The Small Bang of Nanotechnologies Publication date : January 13, 2011

A physicist specialising in questions of time, Étienne Klein is the author of many works of scientific popularisation and the director of the Materials Science Research Laboratory of the Atomic Energy Commission (CEA), in Saclay, near Paris.

Nanotechnologies no longer concern just the manipulation of matter, one atom at a time: they now incorporate all the techniques that allow the manufacture of tiny objects with a precision equal to one billionth of a metre, regardless of whether only a few or billions of atoms are in play. Nanotechnologies now cover a wide range of very different activities, from state-of-the-art electronics to the latest biotechnologies, and include the development of “intelligent” materials and the production of ultra-fine powders.

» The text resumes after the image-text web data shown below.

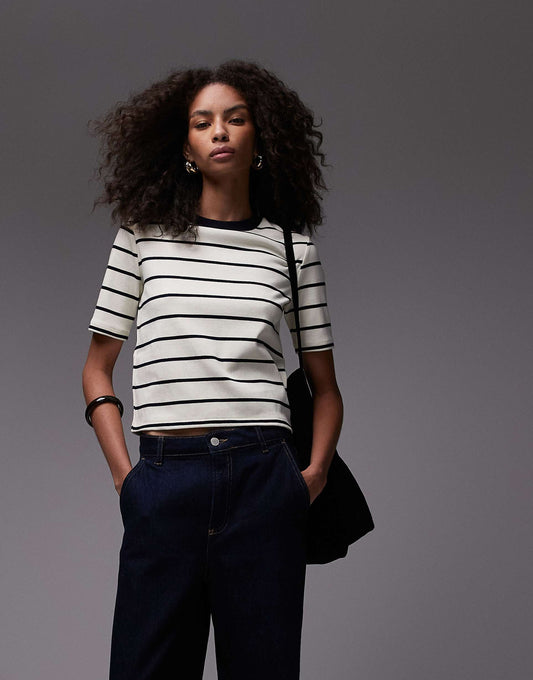 Contrast Neck Striped T-Shirt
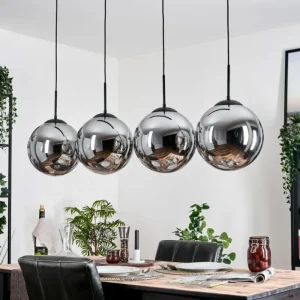 hofstein Gastor Suspension, Boule lumineuse, Suspension Chrome, Fumé, 4 lumières* Lampes Modernes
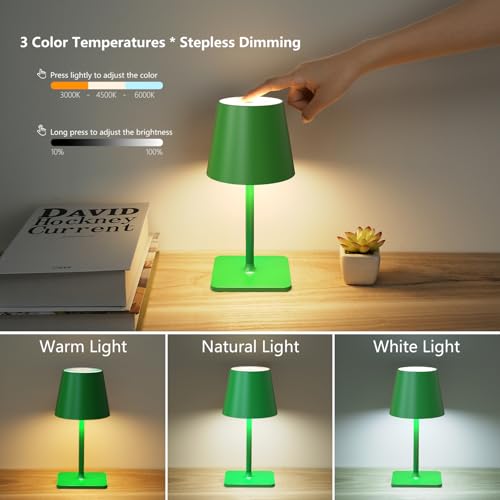 Image of Yogaret Green Cordless Table Lamp Set of 2-3 Color Stepless and Dimmable - for Restaurant Dining Bedroom Home Bar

The potential (real or supposed) of nanotechnologies is so vast and so attractive that for the past several years they have been drawing huge investments, and are thus regarded as the new horizon by research and development policymakers. Since nanotechnologies will doubtless concern every industrial sector, from the most traditional to the most high-tech, they are being associated with a “revolution of our civilisation” that could spectacularly change how we live, work, communicate, produce, consume, control, and carry out surveillance.
Because of the perspectives they open up, and the upheavals they render possible, nanotechnologies must immediately face up to the question of values, whether moral or spiritual. Nanotechnologies also make us re-examine our idea of society, of what it should be and of what it should never become.